We used to have fixed rates, and now they're linked to Pakistan Investment Bonds [3-, 5-, and 10-year government securities that are traded]. We need to make the NSS a better-run organization -- more like a savings institute rather than a government department -- but the NSS meets the needs of a certain segment of the investor base, and I wouldn't discourage it. The government has a responsibility to provide certain retail products, but banks are also gearing up and mutual funds [offer other opportunities].
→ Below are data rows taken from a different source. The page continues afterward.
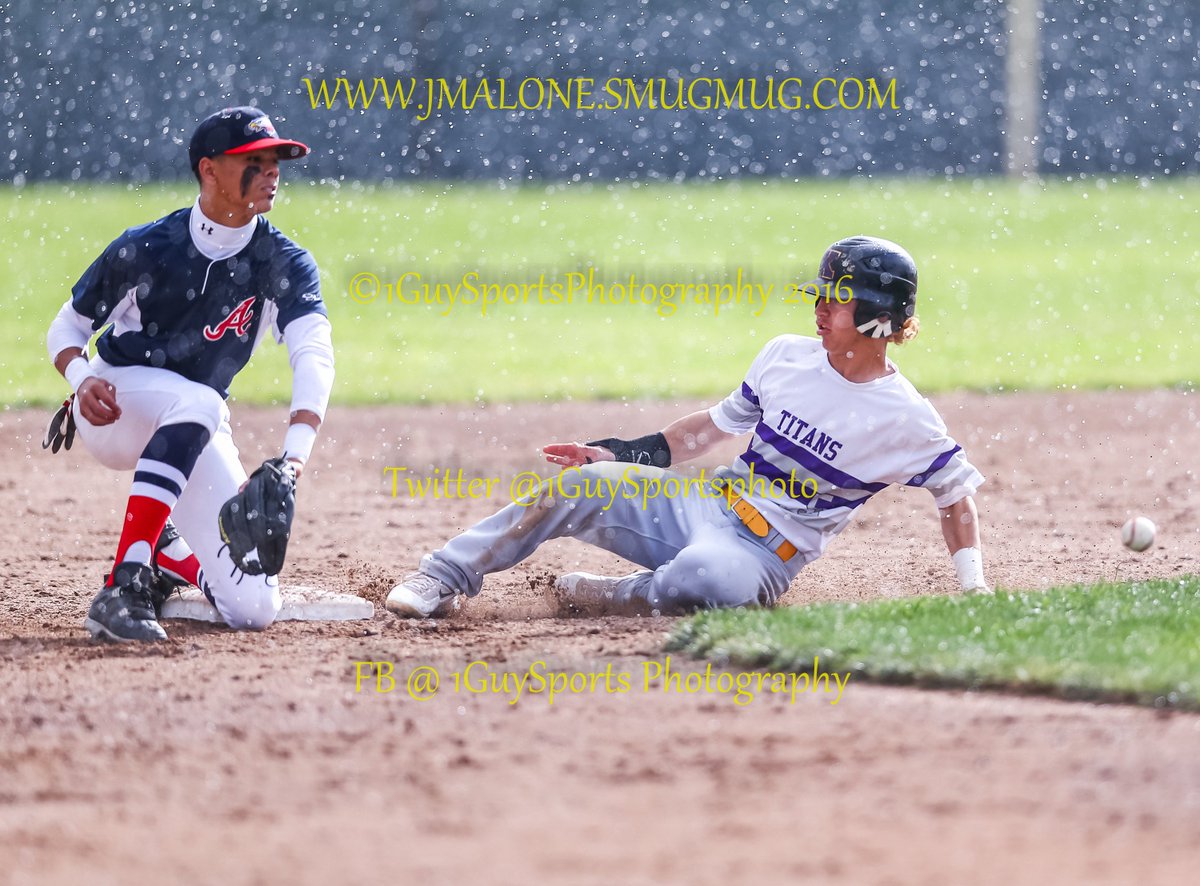 JimMalonePhotos's tweet photo. #SafeAtSecond #VarsityBaseball #1GuySportsPhoto https://t.co/t2WmbfJMzo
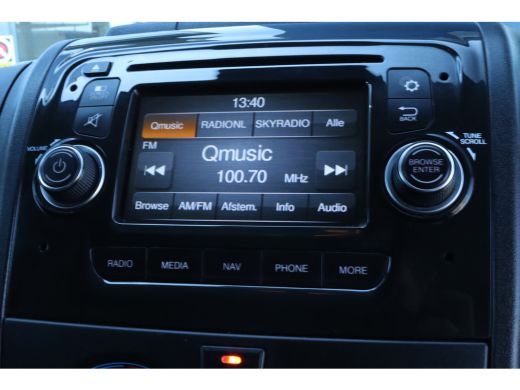 Peugeot Boxer 330 2.0 BlueHDI L1H1 Premium Pack | Cruise Control | Trekhaak | Camera | Imperiaal | Navi | Carpl... ActivLease financial lease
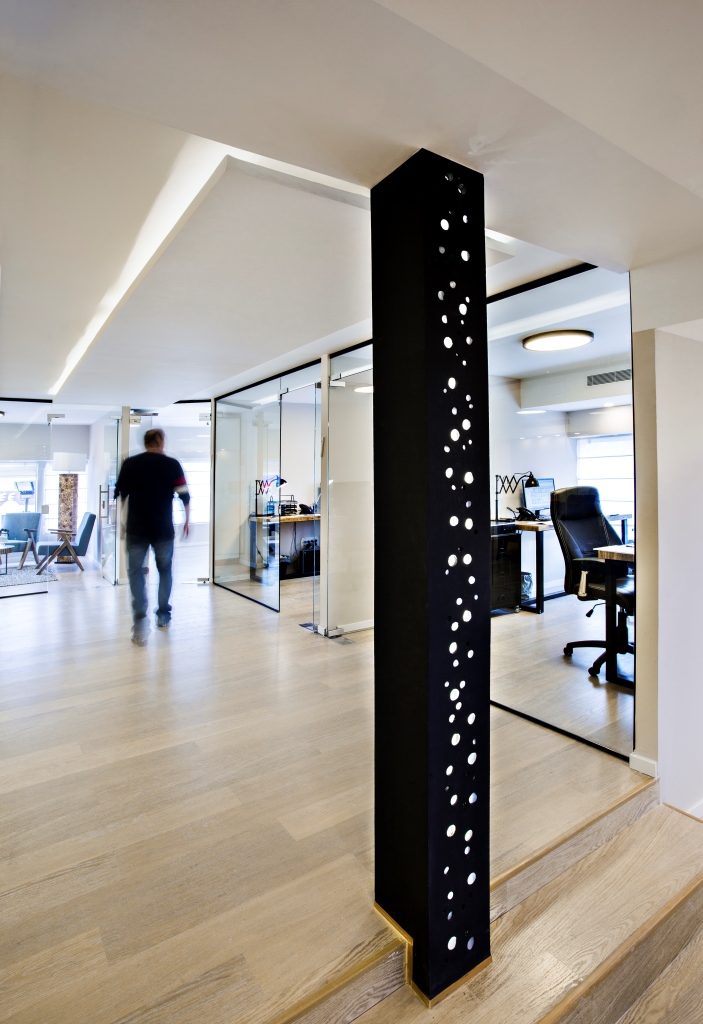 שיפוץ משרד רהיטי השלושה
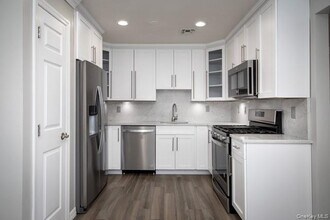 14 Village Green Dr in Port Jefferson Station, NY - Building Photo - Building Photo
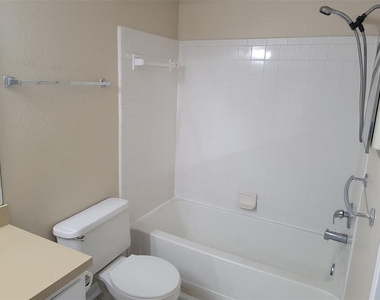 5785 Gatlin Avenue - Photo Thumbnail 9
Q: The government has failed to turn around the state-owned utility corporations, Water & Power Development Authority and Karachi Electric Supply Corp. Both still post huge losses, and privatization has been repeatedly delayed. This is also an area where the IMF has repeatedly criticized performance. Do you plan to change course here?

A:

WAPDA and KESC both present tremendous opportunities and risks to the government. KESC loses [a great deal of money] because of high line losses and pilferage of electricity. We have good management in KESC that has reduced losses investing in the infrastructure to prevent pilferage. But it will be a long haul. The only solution for KESC is privatization in some way, but the two bidders we had have their own problems.

For WAPDA, the issues are government receivables and billing, and it's not as acute as KESC. But I agree that we need to be creative about privatization. We can't use conventional methods.

Q: Your government's privatization program managed to complete one major sale -- selling United Bank Limited last year. Not much else has moved. What are your targets?

A:

We're hoping for about $500 million in privatization proceeds this year, about half the foreign direct investment target of $1 billion. We've already got $200 million for United Bank, so if we do one large bank and Pakistan State Oil, we could exceed the target.

If we could list all large government-owned corporations [though the stock exchange] even before they're privatized, that would help the company, ensure better participation, help the stock market, and share the gains with the public.